Klasycznym przykładem innego przebiegu tych samych chorób w różnym wieku jest zapalenie płuc. Dla pacjenta w wieku średnim jest ono chorobą poważną, ale raczej niestanowiącą zagrożenia. U osoby w wieku podeszłym w przebiegu zapalenia płuc może wystąpić niewydolność serca, która do tej pory nie dawała objawów, a która może stanowić zagrożenie życia.

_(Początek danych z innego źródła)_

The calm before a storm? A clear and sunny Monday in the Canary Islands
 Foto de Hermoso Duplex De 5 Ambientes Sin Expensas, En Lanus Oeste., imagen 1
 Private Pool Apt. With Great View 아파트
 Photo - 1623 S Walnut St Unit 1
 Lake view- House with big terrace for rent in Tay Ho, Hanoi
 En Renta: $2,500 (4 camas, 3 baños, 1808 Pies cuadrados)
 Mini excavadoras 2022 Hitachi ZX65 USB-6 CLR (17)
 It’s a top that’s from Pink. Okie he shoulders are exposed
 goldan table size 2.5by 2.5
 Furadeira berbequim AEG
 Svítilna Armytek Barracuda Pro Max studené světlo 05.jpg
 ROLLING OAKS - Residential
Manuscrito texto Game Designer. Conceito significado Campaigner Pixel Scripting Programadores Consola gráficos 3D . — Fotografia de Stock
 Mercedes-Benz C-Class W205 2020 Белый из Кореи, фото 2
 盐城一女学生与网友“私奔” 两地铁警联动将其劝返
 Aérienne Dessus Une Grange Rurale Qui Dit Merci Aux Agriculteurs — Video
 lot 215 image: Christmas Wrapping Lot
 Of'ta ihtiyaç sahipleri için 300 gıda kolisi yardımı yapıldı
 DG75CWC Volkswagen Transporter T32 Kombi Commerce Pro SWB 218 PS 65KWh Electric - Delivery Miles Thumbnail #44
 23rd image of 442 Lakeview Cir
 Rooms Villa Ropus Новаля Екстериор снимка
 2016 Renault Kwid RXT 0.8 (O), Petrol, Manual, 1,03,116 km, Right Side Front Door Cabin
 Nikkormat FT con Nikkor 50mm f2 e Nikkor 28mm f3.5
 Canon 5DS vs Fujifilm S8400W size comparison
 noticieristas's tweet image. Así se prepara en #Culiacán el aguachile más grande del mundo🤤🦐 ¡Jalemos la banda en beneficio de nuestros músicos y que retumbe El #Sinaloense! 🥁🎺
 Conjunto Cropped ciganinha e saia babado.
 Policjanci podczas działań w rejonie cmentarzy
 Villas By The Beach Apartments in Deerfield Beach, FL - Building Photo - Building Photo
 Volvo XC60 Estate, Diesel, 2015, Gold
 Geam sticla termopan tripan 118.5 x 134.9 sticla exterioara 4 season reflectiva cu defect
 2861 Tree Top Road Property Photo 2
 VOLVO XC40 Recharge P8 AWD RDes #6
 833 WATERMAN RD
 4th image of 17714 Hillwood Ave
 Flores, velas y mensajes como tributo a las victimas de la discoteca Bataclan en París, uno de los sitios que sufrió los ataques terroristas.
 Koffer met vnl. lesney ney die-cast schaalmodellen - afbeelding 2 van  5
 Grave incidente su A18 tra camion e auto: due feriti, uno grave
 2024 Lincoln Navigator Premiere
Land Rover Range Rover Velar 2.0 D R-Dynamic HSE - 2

- Po 65. roku życia ujawnia się często kilka chorób jednocześnie - mówi lek. med. Maria Szwarc. - Pacjent zażywa wtedy leki przepisane przez kardiologa, neurologa, diabetologa. Im więcej leków, tym większe prawdopodobieństwo interakcji negatywnych. Rolą geriatry jest ocena działania wszystkich leków razem, wybranie tych, które są najważniejsze, aby leczenie było spójne i możliwie najmniej obciążające. Geriatra jest także przygotowany do kontaktów z pacjentem starszym, który wolniej się porusza, wolniej kojarzy, często czuje się zagubiony w zmieniającym się świecie. Wtedy, informując go np. o przysługujących mu uprawnieniach, nie można odesłać go do paragrafów, tylko powiedzieć: Pójdzie pan do instytucji X, do pani Basi w pokoju nr 3, która pokieruje tą sprawą.
Zostać geriatrą
Specjalizację z geriatrii najczęściej wybierają lekarze interniści, chociaż można ją rozpocząć także po kilku innych specjalizacjach podstawowych. Ponieważ jest to dziedzina złożona, obejmująca nie tylko zagadnienia ściśle medyczne, ale także społeczne i socjalne, program jest rozbudowany, obejmuje liczne kursy i staże, kolokwia i egzaminy końcowe, słowem - wymaga kilku lat intensywnej nauki. - Do rozpoczęcia tej specjalizacji zainspirował mnie kilkanaście lat temu lekarz geriatra z Lourdes - mówi lek. med. Maria Szwarc. - Miałam specjalizację z interny, w Częstochowie nie było ani jednego geriatry, a w całej Polsce było wtedy 50 lekarzy o tej specjalizacji. Dla mnie to fascynująca dziedzina medycyny, po prostu moja ukochana geriatria. Nie zawsze uda się tutaj osiągnąć bardzo wiele w sensie medycznym, ale jeżeli tylko można pomóc starszemu, często samotnemu człowiekowi, poprawić jego samopoczucie, rozwiązać jakiś problem, to daje mi to ogromną satysfakcję i radość.
Niestety, dostęp do lekarzy i oddziałów geriatrycznych jest w Polsce trudny. Rzut oka na statystyki porównujące liczbę geriatrów i liczbę osób po 65. roku życia w krajach europejskich, zwłaszcza w Austrii, Szwecji, Wielkiej Brytanii, wpędza w kompleksy. W sytuacji szybko rosnącej grupy osób starszych w Polsce środowiska specjalistów postulują większe zainteresowanie tą dziedziną i proponują m.in. obligatoryjne wprowadzanie przedmiotu: geriatria do programu kształcenia studentów medycyny, obowiązkowe kształcenie podyplomowe lekarzy rodzinnych w tym zakresie. Konieczne jest również zwiększenie liczby miejsc specjalizacyjnych z geriatrii na bazie klinik i oddziałów geriatrycznych.
Warto się o to upominać, bo, co tu dużo mówić: każdy dzień przybliża każdego z nas do konieczności zarejestrowania się do geriatry.